In which lines of the data does the string "Property" appear? Copy every one.
###
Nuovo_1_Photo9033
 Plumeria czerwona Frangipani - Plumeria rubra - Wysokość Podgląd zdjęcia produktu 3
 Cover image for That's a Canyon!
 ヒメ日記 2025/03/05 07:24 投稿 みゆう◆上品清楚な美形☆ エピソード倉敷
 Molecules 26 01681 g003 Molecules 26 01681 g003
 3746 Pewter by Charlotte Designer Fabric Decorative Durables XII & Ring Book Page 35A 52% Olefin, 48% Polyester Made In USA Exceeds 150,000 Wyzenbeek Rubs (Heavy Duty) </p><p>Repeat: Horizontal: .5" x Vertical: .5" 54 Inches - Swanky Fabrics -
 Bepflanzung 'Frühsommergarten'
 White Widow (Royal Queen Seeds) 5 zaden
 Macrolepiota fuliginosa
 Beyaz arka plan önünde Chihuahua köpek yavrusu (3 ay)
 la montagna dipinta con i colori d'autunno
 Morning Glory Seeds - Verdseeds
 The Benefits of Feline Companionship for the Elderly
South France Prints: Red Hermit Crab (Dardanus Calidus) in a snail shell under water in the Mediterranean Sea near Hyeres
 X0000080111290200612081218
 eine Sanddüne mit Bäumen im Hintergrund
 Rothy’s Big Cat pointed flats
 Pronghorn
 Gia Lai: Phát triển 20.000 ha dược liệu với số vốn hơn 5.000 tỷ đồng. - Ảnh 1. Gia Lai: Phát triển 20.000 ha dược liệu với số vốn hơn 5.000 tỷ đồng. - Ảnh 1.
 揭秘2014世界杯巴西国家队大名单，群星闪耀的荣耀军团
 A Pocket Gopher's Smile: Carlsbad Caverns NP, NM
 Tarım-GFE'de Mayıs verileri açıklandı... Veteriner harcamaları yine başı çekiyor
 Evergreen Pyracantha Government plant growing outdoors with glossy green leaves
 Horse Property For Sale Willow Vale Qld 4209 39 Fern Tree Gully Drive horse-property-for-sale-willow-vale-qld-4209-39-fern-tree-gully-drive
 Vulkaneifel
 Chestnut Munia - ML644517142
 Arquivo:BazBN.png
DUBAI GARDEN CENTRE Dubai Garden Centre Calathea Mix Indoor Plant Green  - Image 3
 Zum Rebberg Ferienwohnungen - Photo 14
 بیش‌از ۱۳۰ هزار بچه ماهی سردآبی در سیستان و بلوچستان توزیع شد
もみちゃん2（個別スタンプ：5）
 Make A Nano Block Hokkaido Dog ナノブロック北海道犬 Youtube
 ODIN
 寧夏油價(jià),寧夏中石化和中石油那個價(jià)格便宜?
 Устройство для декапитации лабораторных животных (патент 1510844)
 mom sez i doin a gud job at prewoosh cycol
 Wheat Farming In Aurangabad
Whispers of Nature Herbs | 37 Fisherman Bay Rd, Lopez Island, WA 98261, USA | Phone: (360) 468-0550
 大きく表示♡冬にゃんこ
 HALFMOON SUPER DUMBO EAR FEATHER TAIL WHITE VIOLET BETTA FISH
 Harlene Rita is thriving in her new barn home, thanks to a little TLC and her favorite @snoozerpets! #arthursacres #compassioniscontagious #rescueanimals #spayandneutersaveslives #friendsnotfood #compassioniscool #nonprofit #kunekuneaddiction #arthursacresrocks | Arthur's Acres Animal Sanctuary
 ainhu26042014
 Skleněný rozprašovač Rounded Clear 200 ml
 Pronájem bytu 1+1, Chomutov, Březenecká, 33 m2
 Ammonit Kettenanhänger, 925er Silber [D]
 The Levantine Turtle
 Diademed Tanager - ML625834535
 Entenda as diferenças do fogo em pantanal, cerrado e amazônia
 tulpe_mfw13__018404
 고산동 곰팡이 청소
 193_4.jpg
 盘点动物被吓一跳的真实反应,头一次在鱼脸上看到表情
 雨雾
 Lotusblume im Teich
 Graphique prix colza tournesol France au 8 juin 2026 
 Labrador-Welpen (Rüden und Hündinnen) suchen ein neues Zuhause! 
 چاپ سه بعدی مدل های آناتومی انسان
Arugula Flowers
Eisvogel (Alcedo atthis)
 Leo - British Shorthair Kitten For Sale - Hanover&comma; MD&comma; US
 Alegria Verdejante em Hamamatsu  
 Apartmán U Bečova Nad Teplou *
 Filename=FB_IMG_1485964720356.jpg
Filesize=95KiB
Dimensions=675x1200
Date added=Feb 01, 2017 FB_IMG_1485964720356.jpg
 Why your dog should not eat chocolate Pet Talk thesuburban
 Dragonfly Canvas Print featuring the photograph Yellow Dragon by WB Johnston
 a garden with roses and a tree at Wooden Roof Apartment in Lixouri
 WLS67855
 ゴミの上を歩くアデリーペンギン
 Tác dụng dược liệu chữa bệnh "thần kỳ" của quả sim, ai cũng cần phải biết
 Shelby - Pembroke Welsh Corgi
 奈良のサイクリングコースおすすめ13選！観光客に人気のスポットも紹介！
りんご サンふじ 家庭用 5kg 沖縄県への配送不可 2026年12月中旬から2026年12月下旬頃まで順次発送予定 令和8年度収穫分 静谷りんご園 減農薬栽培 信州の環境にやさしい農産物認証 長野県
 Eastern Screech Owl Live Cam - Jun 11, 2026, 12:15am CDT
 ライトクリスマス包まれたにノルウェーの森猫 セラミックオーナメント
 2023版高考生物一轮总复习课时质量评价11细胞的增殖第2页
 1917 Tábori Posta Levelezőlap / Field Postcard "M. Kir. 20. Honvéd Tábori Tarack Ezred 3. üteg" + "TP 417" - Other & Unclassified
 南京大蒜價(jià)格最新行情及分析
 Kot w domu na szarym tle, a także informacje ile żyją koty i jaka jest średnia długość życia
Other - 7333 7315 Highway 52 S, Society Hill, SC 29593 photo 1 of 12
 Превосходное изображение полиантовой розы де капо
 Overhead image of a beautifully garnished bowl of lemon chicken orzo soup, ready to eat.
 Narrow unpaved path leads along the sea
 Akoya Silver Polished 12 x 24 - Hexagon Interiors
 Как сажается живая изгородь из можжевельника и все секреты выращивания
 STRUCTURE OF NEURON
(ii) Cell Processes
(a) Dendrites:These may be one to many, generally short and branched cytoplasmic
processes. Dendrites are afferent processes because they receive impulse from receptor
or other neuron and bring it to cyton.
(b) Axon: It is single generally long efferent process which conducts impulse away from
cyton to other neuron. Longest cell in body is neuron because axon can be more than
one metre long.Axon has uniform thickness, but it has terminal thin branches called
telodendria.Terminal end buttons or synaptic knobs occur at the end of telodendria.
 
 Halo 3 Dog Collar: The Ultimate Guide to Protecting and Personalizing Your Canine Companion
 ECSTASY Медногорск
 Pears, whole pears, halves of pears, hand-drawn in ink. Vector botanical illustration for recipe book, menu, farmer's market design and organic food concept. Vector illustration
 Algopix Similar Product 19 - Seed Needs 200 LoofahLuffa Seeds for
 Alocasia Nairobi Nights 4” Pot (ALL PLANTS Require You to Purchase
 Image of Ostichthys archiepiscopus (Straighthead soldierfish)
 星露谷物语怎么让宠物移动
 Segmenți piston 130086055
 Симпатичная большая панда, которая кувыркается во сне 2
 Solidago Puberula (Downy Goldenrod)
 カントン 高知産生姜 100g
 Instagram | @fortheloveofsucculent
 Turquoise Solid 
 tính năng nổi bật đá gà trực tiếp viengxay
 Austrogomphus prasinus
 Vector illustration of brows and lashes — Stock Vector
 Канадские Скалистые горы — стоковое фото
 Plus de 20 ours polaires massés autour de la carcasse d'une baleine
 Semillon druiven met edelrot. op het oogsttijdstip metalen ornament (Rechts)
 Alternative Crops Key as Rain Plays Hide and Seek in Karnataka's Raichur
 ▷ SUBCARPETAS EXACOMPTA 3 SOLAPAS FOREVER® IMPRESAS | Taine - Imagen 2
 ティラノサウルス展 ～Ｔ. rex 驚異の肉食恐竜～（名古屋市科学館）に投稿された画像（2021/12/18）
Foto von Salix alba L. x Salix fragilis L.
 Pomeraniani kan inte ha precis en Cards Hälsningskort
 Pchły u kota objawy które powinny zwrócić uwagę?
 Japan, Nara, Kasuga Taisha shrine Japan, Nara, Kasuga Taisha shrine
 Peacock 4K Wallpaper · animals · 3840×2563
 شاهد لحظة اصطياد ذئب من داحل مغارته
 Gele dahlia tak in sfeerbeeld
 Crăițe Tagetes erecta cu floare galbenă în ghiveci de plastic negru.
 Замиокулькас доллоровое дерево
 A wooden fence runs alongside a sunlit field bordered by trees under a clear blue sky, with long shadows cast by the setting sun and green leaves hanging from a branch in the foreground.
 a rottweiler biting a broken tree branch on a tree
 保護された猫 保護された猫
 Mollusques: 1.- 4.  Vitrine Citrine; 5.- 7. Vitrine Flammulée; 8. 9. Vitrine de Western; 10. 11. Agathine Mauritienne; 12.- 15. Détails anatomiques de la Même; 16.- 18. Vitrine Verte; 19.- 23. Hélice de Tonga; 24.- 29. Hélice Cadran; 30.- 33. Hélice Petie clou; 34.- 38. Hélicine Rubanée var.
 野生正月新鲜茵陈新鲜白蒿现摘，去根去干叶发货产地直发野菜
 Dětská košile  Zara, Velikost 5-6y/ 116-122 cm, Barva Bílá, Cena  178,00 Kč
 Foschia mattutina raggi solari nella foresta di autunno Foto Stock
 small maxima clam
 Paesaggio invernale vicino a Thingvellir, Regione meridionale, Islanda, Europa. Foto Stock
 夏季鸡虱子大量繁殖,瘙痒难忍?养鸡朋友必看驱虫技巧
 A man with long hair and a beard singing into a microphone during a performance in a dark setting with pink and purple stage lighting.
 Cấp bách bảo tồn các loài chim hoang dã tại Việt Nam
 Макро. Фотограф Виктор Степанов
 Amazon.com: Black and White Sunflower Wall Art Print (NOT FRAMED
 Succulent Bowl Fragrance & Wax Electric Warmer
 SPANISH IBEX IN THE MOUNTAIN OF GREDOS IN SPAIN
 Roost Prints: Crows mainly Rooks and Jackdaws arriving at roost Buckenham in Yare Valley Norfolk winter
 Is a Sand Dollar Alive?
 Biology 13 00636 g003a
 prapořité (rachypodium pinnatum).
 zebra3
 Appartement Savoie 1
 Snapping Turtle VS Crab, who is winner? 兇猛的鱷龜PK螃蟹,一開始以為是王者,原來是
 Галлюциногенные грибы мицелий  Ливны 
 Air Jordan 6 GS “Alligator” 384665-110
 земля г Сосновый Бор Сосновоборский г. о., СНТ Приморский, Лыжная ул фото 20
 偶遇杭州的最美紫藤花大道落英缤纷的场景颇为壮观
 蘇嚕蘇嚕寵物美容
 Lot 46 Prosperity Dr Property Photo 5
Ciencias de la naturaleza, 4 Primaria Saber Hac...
###
▸ EXERCISE RESPONSE:
 Horse Property For Sale Willow Vale Qld 4209 39 Fern Tree Gully Drive horse-property-for-sale-willow-vale-qld-4209-39-fern-tree-gully-drive
 Lot 46 Prosperity Dr Property Photo 5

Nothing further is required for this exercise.